In The Queen v Guode [2020] HCA 8 (18 March 2020) the respondent, Ms Guode, deliberately drove into a lake in Wyndham Vale, Victoria, while four of her children were in the car. She was charged with infanticide (charge 1), murder (charges 2 and 3) and attempted murder (charge 4). She pleaded guilty to all counts in the Supreme Court of Victoria. The primary judge imposed a total effective sentence of 26 years and six months’ imprisonment with a non-parole period of 20 years.

The respondent applied for leave to appeal against her sentence on the ground that it was manifestly excessive. The Court of Appeal of the Supreme Court of Victoria allowed the appeal and resentenced her, imposing a total effective sentence of 18 years’ imprisonment with a non-parole period of 14 years.

The appellant appealed to the High Court on the sole ground that the Court of Appeal had erred by taking into account as a relevant consideration, in the determination of whether the sentences imposed on the charges of murder and attempted murder were manifestly excessive, that the appellant had accepted the respondent’s plea of guilty to the charge of infanticide.

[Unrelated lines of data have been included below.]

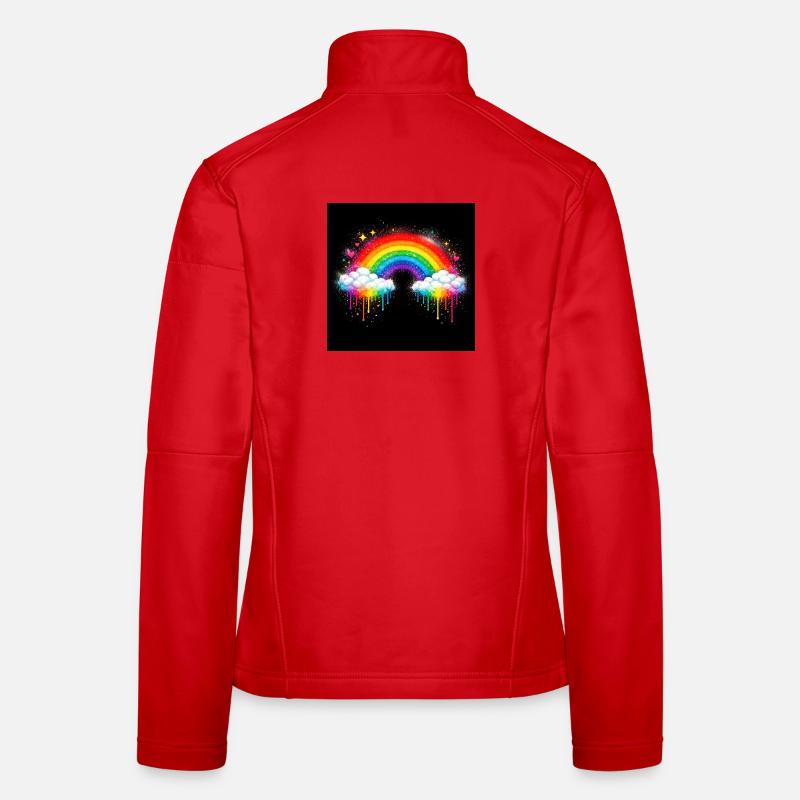 Rainbow Cloud Graffiti Drop Women's Softshell Jacket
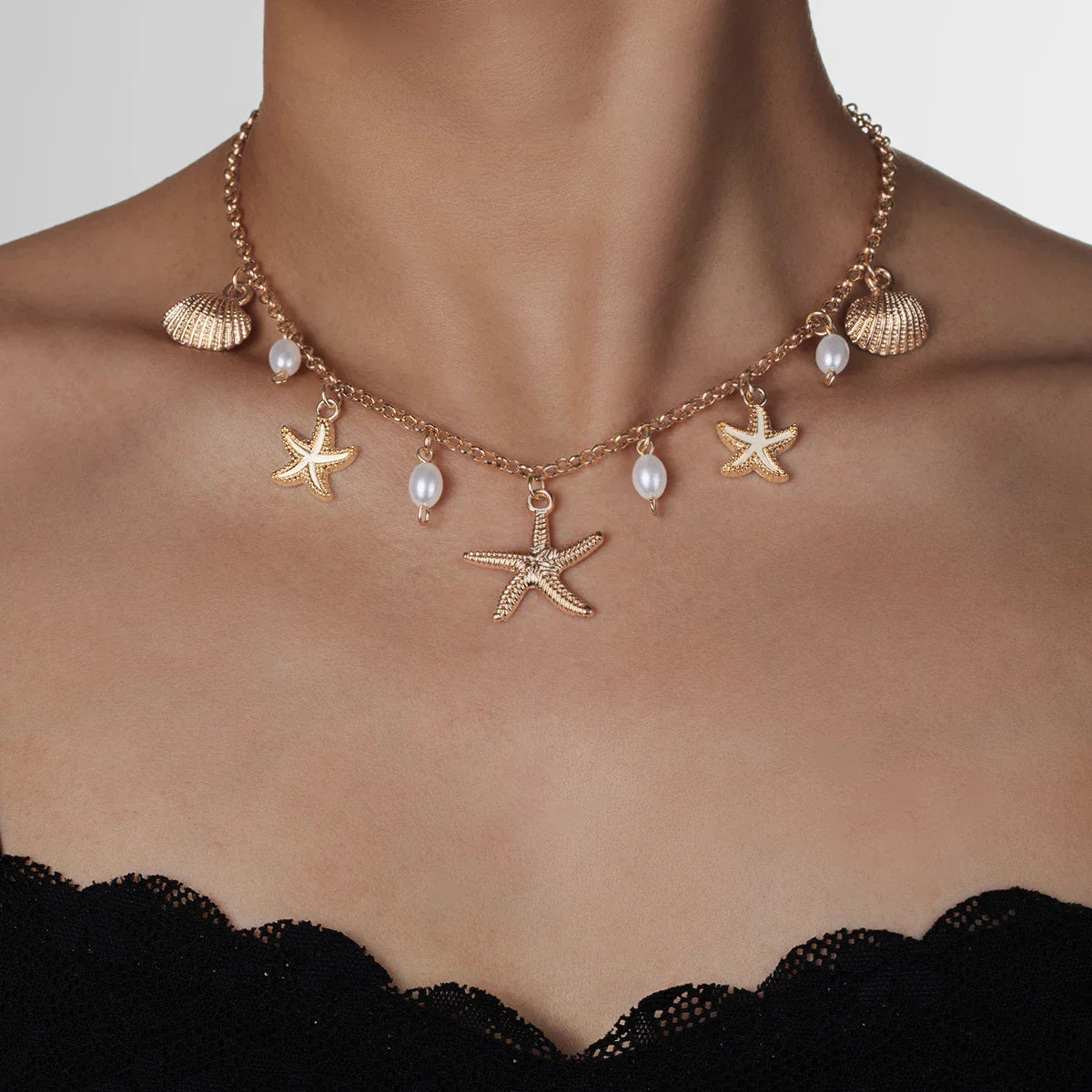 Holiday beach style starfish pendant shell imitation pearl tassel beach element alloy women's necklace Vera Lux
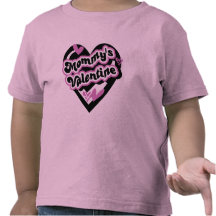 Pink and Black Heart Mommy's Valentine Tshirt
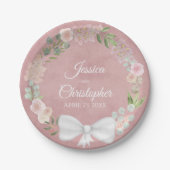 Mauve Pink Watercolor Blumenzeremonie Pappteller (Vorderseite)
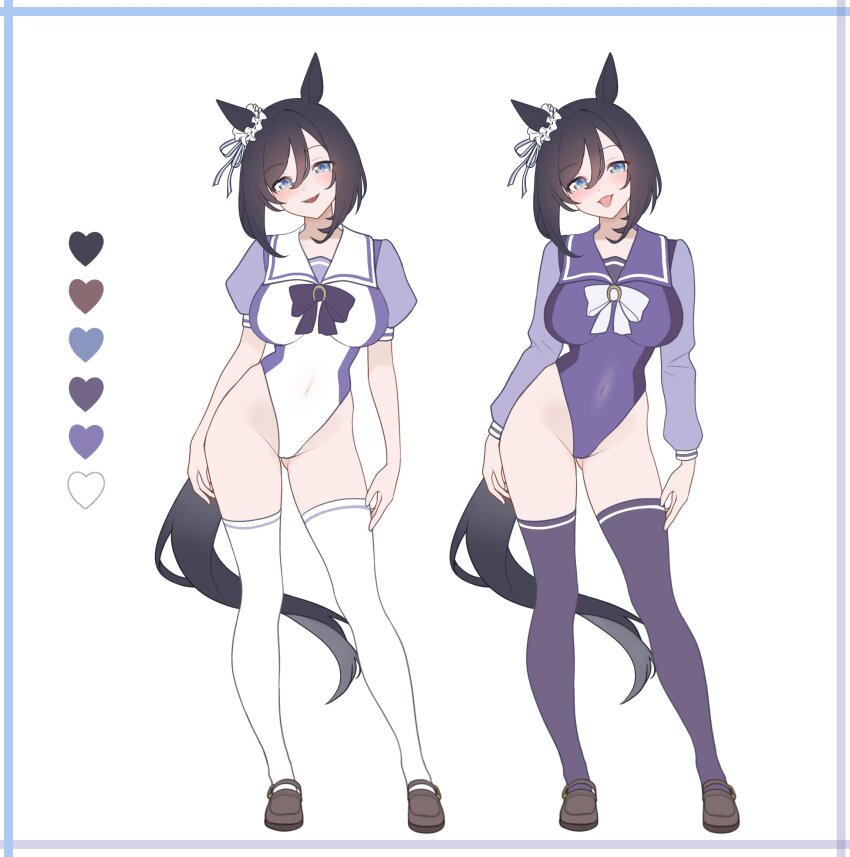 1girl adapted_costume animal_ears black_hair blue_eyes blush bob_cut bow bowtie breasts brown_shoes collared_leotard color_guide commentary_request contrapposto covered_navel ear_scrunchie eishin_flash_(umamusume) full_body hair_between_eyes highres horse_ears horse_girl horse_tail horseshoe_ornament large_breasts leotard loafers long_sleeves looking_at_viewer multicolored_leotard multiple_views open_mouth piercing puffy_short_sleeves puffy_sleeves purple_bow purple_bowtie purple_leotard purple_thighhighs school_uniform shoes short_hair short_sleeves simple_background smile standing summer_uniform tail thighhighs tongue tongue_out tongue_piercing tracen_school_uniform two-tone_leotard ugohato umamusume white_background white_bow white_bowtie white_leotard white_thighhighs winter_uniform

The High Court confirmed that the appellant’s acceptance of the respondent’s plea to the charge of infanticide was irrelevant to the sentences to be imposed on the other charges. By majority, the High Court found that the Court of Appeal erred in taking that irrelevant consideration into account.

Kiefel CJ, Gageler and Nettle JJ jointly. Gordon and Edelman JJ jointly dissenting. Appeal from the Court of Appeal of the Supreme Court of Victoria allowed.